● **Your task**
With pictures excluded, give again exactly the lines running from the one holding "There is a function" through the end of the listing below.
------------
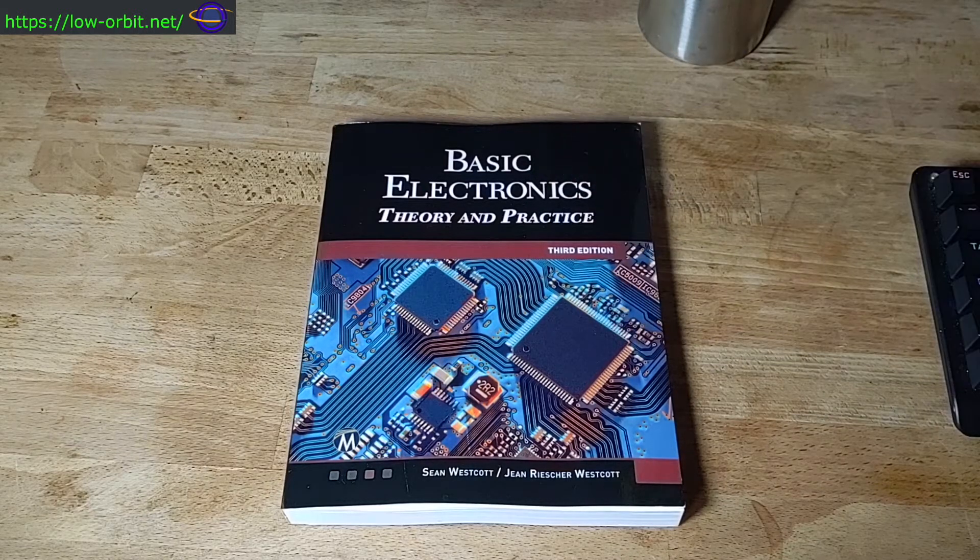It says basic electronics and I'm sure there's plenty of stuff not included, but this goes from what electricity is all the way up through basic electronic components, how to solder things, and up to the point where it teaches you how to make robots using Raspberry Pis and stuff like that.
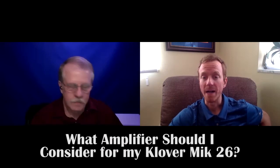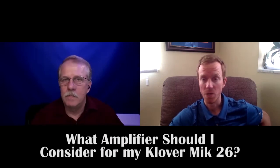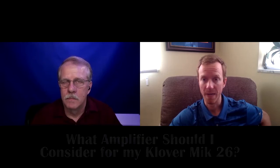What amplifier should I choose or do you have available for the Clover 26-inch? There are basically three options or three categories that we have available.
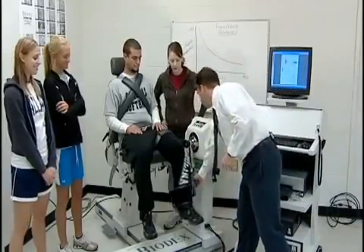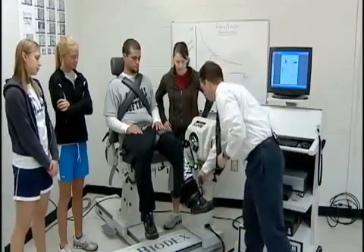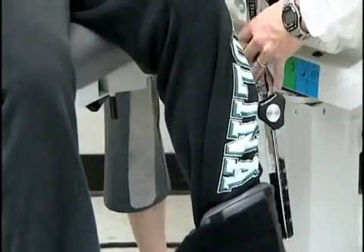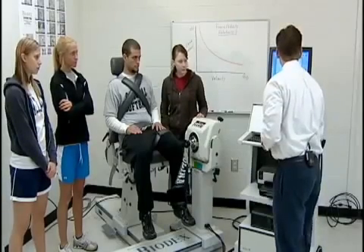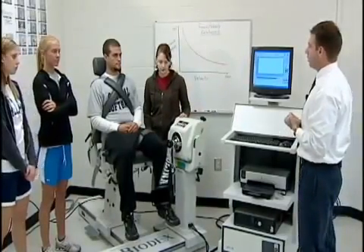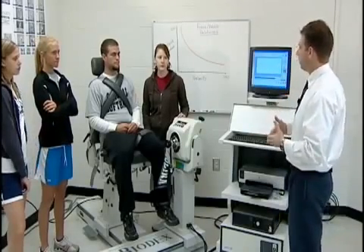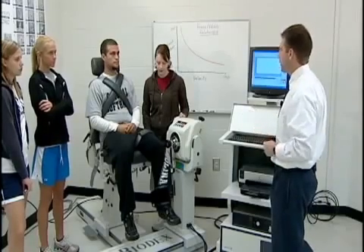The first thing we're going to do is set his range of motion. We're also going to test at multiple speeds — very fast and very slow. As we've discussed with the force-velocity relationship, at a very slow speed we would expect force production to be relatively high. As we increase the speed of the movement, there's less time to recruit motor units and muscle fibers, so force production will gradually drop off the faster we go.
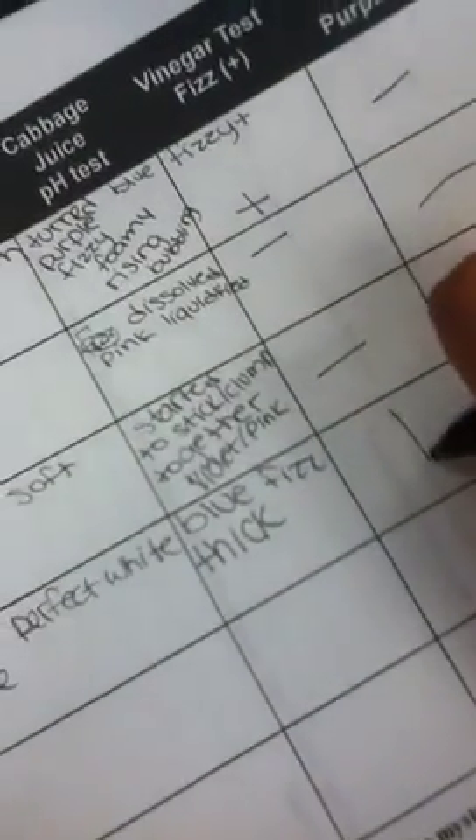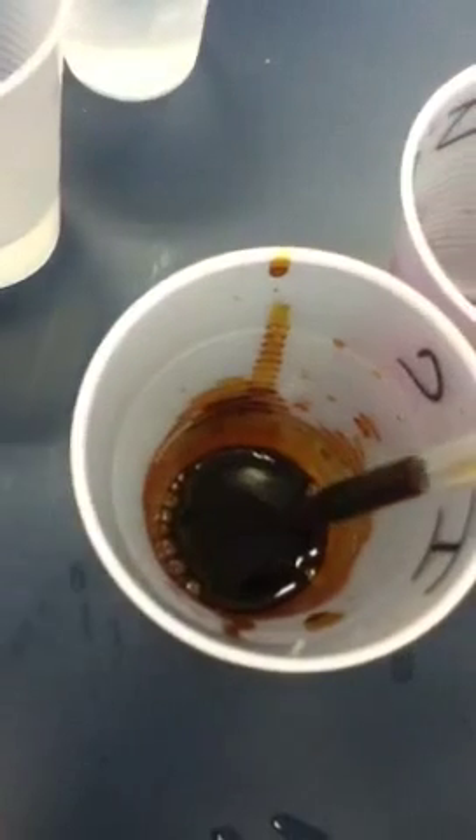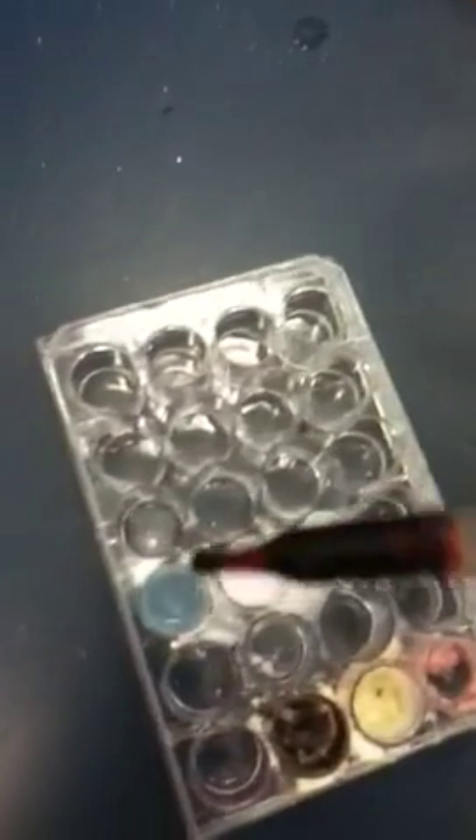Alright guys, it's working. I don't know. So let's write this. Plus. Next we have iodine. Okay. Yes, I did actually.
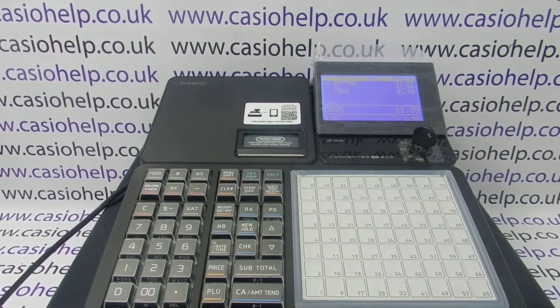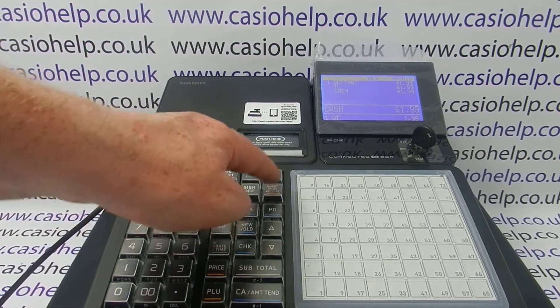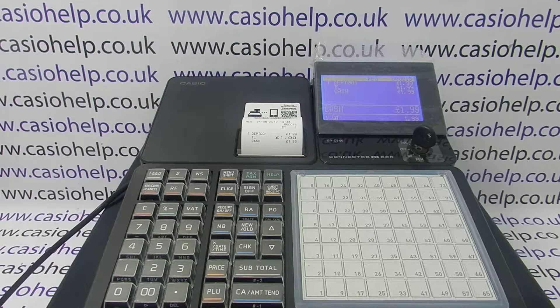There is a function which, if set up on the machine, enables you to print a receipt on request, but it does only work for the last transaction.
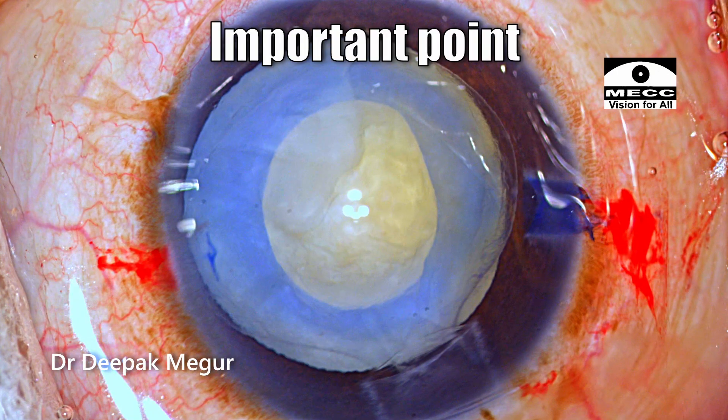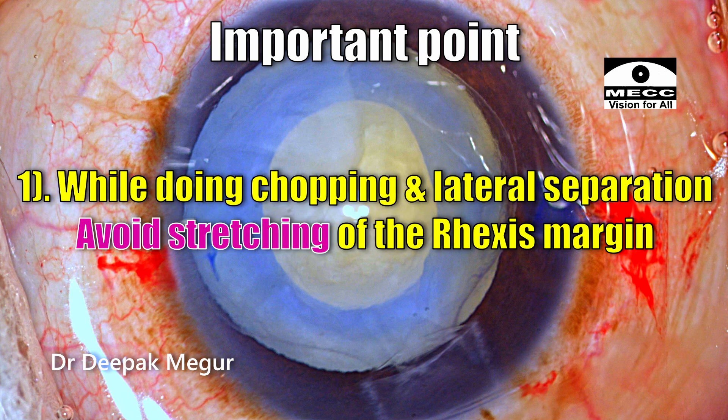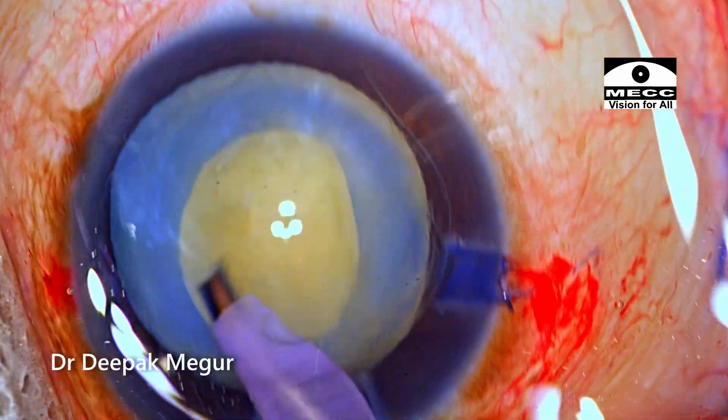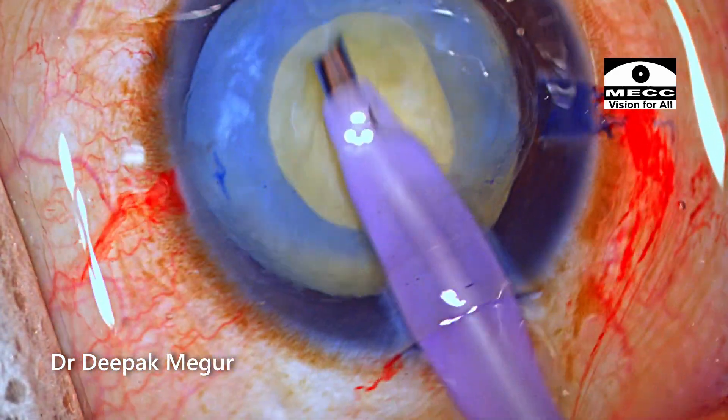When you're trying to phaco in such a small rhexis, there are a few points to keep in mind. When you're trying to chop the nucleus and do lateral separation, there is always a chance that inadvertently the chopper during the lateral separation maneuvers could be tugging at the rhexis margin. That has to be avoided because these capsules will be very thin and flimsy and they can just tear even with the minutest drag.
------------
● **Written answer**
There is a function which, if set up on the machine, enables you to print a receipt on request, but it does only work for the last transaction.
When you're trying to phaco in such a small rhexis, there are a few points to keep in mind. When you're trying to chop the nucleus and do lateral separation, there is always a chance that inadvertently the chopper during the lateral separation maneuvers could be tugging at the rhexis margin. That has to be avoided because these capsules will be very thin and flimsy and they can just tear even with the minutest drag.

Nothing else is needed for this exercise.